The Jucos boasted the outstanding center of the tournament in 18-year-old Spencer Haywood of Trinidad State in Colorado. At 6'8", 225 pounds and possessing four-jointed fingers, Spencer is still a baby, but he and his mates provided the only excitement in an otherwise listless three days of basketball. Still, they weren't enough by themselves to bring out the crowds. The afternoon sessions averaged 582 spectators while the evening games drew a little over 1,200 to the 14,800-seat University Arena. Clearly, the populace of Albuquerque preferred watching desert rabbits eat sand to Olympic trials.

Even if they had come, of course, they wouldn't have seen much of LSU's Maravich, the nation's leading collegiate scorer who, because of an unfortunate personality clash with his coach, John Bach, rode the bench for most of the games. With few exceptions, the supposed bumper crop of good NCAA sophomores turned out to be not much more than unripened lemons. Rick Mount of Purdue and Niagara's Calvin Murphy appeared woefully inexperienced in their floor games, Maravich couldn't shoot, and all played poorly, though Mount and Murphy at least had a fair chance to show what they could or could not do. Mount, in fact, won an alternate berth on the strength of his shooting, while another sophomore, Dan Issel of Kentucky, also was an alternate choice. But North Carolina's Scott, who proved the most versatile and spectacular player of the trials, really saved the day for the sophomore class.

The selection committee, lacking enough good big men, went heavily for backcourt players, choosing five guards, not counting swingman Scott. Jo Jo White will blend in well with 6'2" Mike Barrett and 6'4" John Clawson of the Armed Forces, both experienced in international play, and 6'1" Cal Fowler of the AAU, who played alongside White in the Pan-American games last year. The latter two will be the defensive guards and direct the offense while Barrett and Glynn Saulters, a surprising and perhaps unfortunate choice over his NAIA teammate, little Dwight Durante, will do the shooting. The U.S. will miss Alcindor, Unseld and Hayes the most; along the front line the team is neither as deep nor as talented as in the back-court. The NAIA's Don Dee and Bill Hosket of the NCAA are strong 6'7" forwards who hit and hustle the boards and like to go outside for their shots. Neither is an outstanding jumper, but Hosket blocks out well and plays good defense. Neither Mike Silliman, the 6'6" former Army star, nor 6'7" Jim King of the AAU were exceptional, but both were selected anyway on their defense, rebounding and ability to play both center and forward. Ken Spain, Houston's forgotten man, is Haywood's backup at center and, though his shooting and defensive credentials are suspect, he made the least mistakes of a wholly unsatisfactory group of centers.

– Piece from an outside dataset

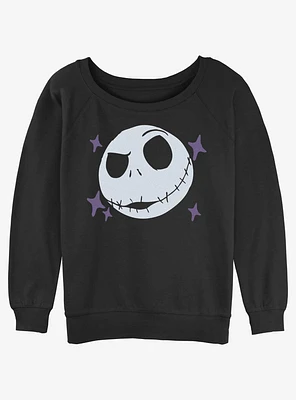 Disney The Nightmare Before Christmas Jack Face Girls Slouchy Sweatshirt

In fact, there was much about these trials—including the performances, the setting, the crowds, the racial overtones and the messy politics—that was unsatisfactory. Rumors abounded that the committee was being pressured to choose a racially balanced team (for those who are keeping score, five members of the 12-man team and three of the six alternates are Negroes) and that a few of the candidates were just along for the ride; if selected, they would refuse to play in order to become professionals immediately. Groundless or not, the talk undoubtedly deprived the NAIA's Charley Paulk of his rightful place on the team. Paulk, the first draft choice of the new NBA franchise in Milwaukee, was a fine all-round performer but he was selected only as an alternate.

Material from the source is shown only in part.